Janitor’s Late Arrival Leads to Solving Unsolvable Math Problems

George Dantzig showed up late, thought the impossible was homework, and solved what nobody else could.

Walking into class late and mistaking two of the world’s most difficult math problems for homework sounds like a movie scene, because it became one.

That’s exactly what happened to George Dantzig in 1939, a graduate student at UC Berkeley. He rushed into Professor Jerzy Neyman’s statistics lecture and saw two problems written on the blackboard. Assuming they were part of the day’s assignment, he jotted them down.

He worked through the problems at home, submitted them late, and apologized for the delay. A few weeks later, his professor knocked on his door stunned. Dantzig hadn’t just completed an assignment. He had solved two unsolved problems in statistics that had stumped top mathematicians for years.

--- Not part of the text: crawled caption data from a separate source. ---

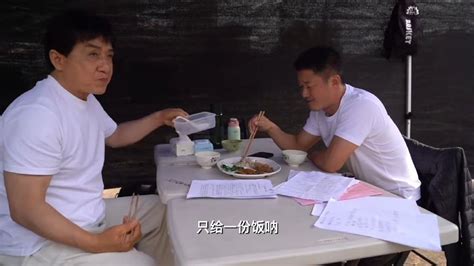 吴京和杰森斯坦森在外滩吃饺子，他们为何要在高档餐厅点外卖呢？__财经头条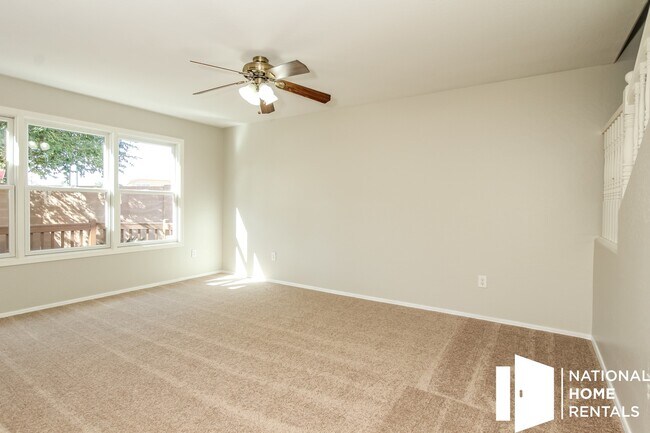 Building Photo - 17125 W Tara Ln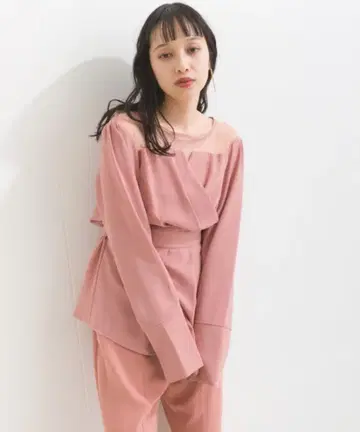 [셋업] 랩 긴팔 튜닉 블라우스 + 센터 핀턱 팬츠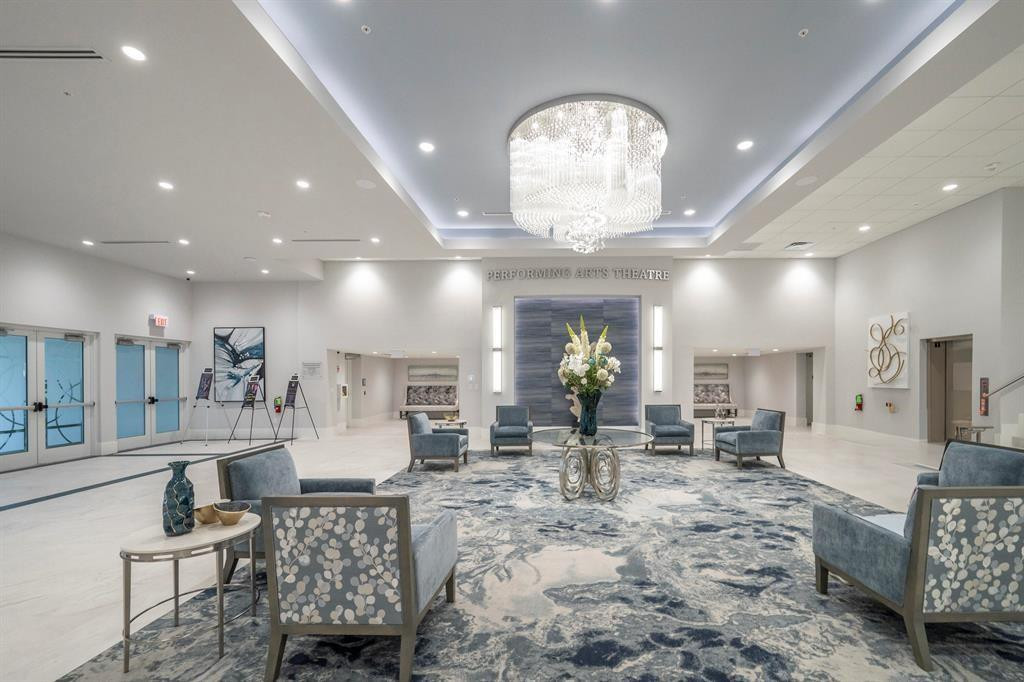 6125 Sunny Pointe Cir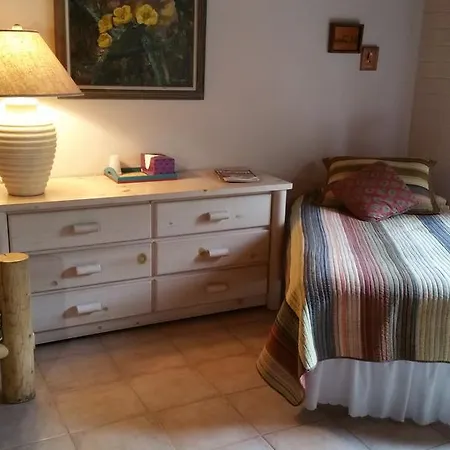 Sam Hughes Inn B&B-2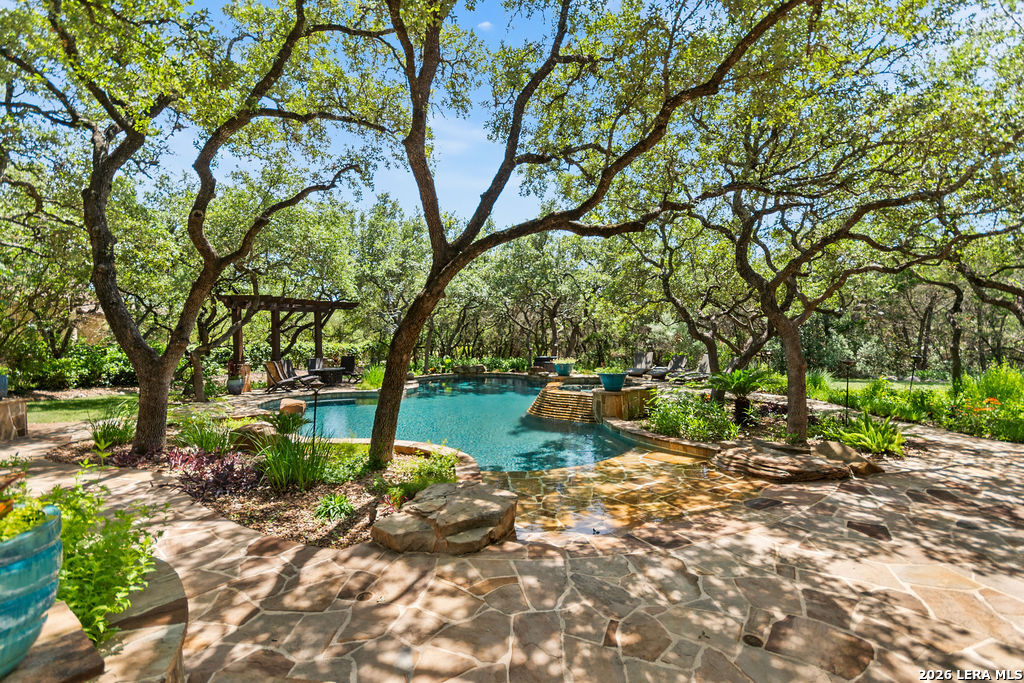 25 Stone Terrace Fair Oaks Ranch, TX 78015 - Photo 74 of 95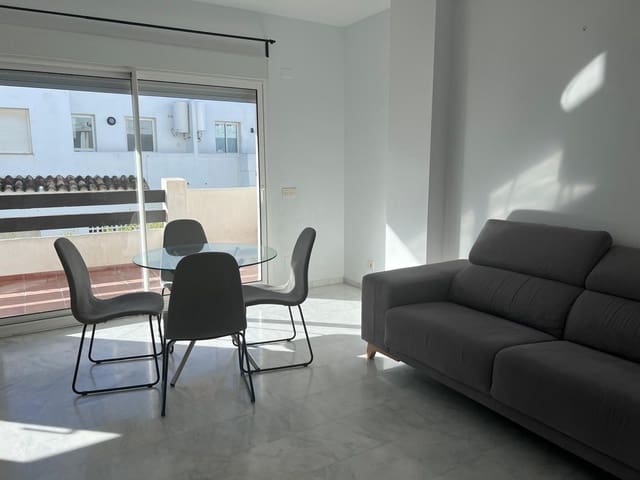 Piso de 2 habitaciones en Valle Romano Golf, Estepona en venta con piscina garaje - 230.000 € (Ref: 9542113)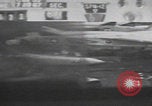 Standbild Brand der USS Forrestal im Golf von Tonkin Golf von Tonkin, Vietnam, 1967, aus Sekunde 25 historischem Filmmaterial Videoclip 65675079560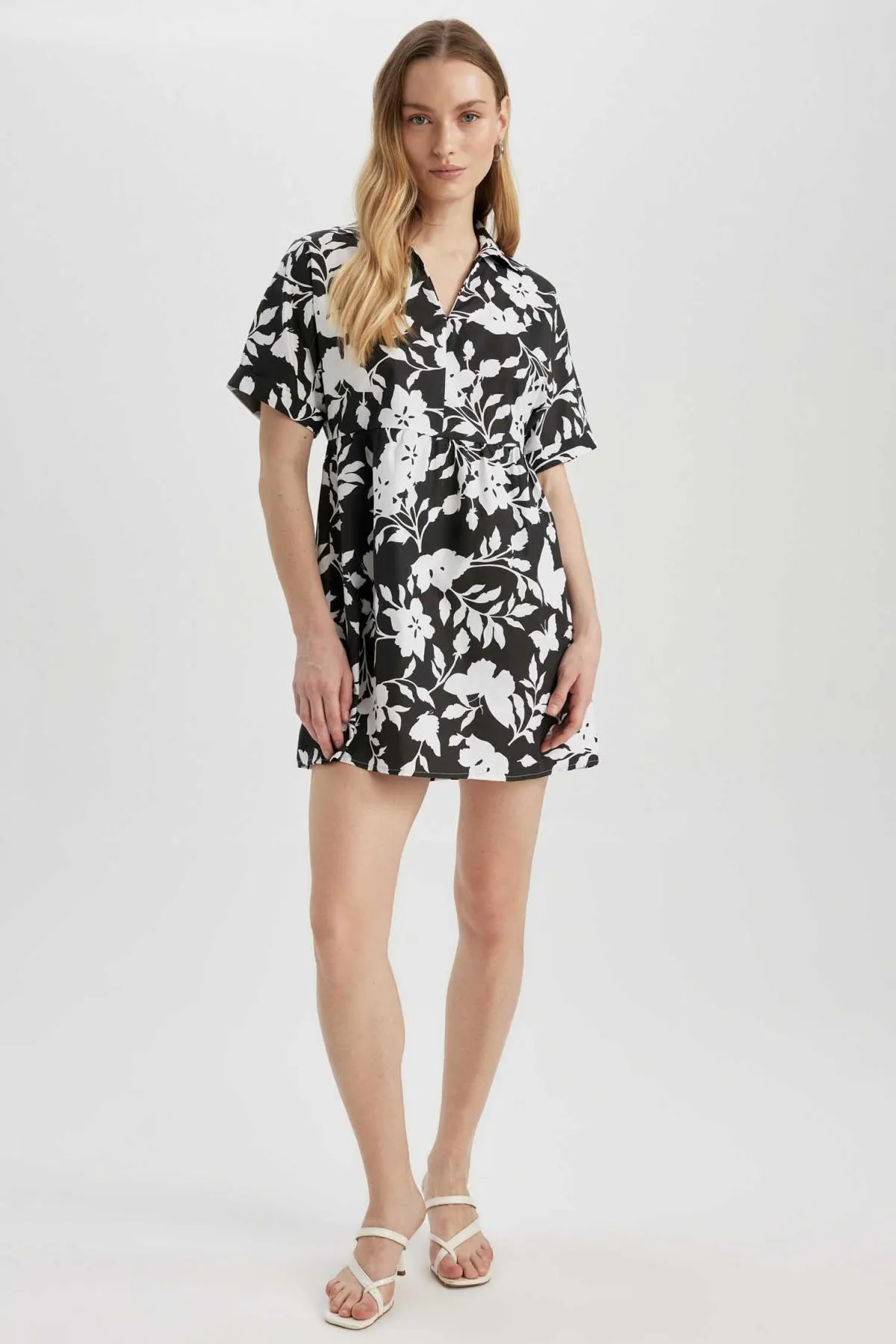DeFacto  Gemustertes Mini-Kurzarmkleid aus Frottee-Baumwolle mit Hemdkragen Z7663az23sm
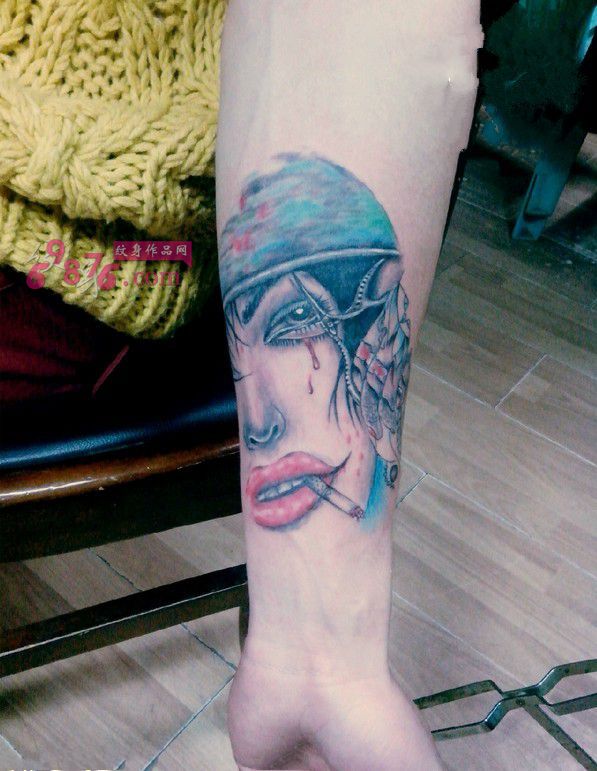 复古抽烟美女另类纹身图片
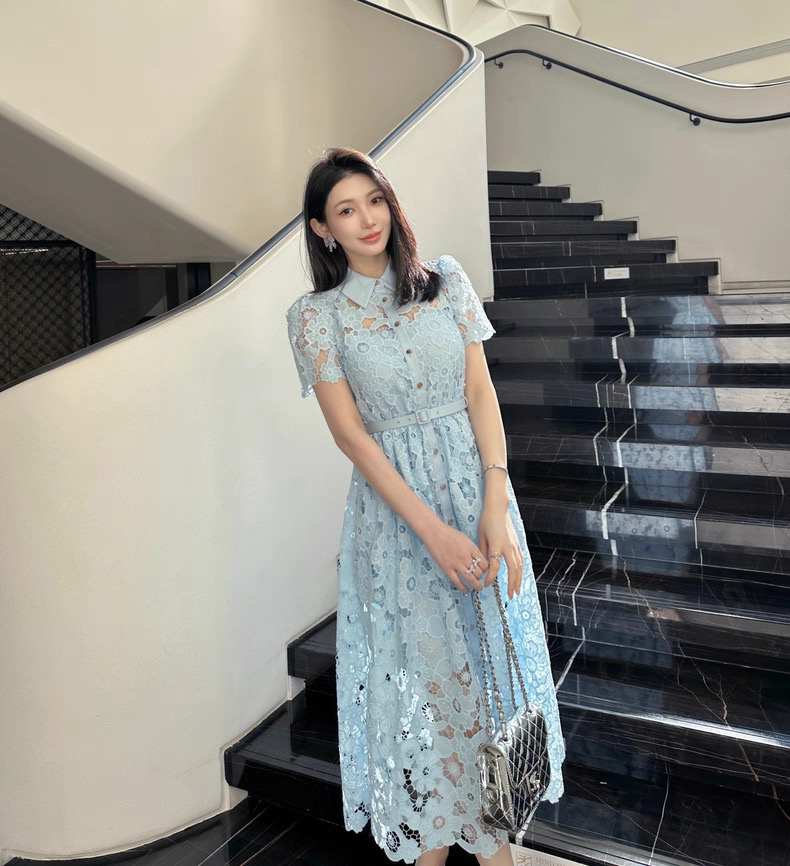 NO:733826,Self-Portrait new season series, synchronized with the official website, original one-to-one high-end customization, spring and summer new products, light blue laser, hollow embroidery, temperament commuting style, slim long dress, one color and four sizes SMLXL (S bust is suitable within 84CM, waist is 68CM, length is 120CM and so on),,skirts,19860909Self-Portrait 新一季系列 官网同步 原版一比一高端定制 春夏新品浅蓝色激光 镂空刺绣 气质通勤风 修身长款连衣裙 一色四码SMLXL（S胸围84CM内合适 腰围68CM 衣长120CM 以此类推）,,skirts,,Women's clothing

The solutions were so significant they later became part of Dantzig’s doctoral thesis. His brilliance didn’t stop there. He went on to help develop the Simplex algorithm, a cornerstone of operations research that’s still used in fields like logistics, finance, and engineering.

Years later, this real-life moment became the inspiration for the iconic janitor scene in Good Will Hunting. In the film, Matt Damon’s character casually solves a complex math problem on a hallway blackboard, stunning MIT professors.

What most fans don’t know is that the film’s moment of genius was drawn from Dantzig’s real-world brilliance.

His accidental legend is now used in motivational speeches and self-help books to prove that sometimes, not knowing the limits is what breaks them.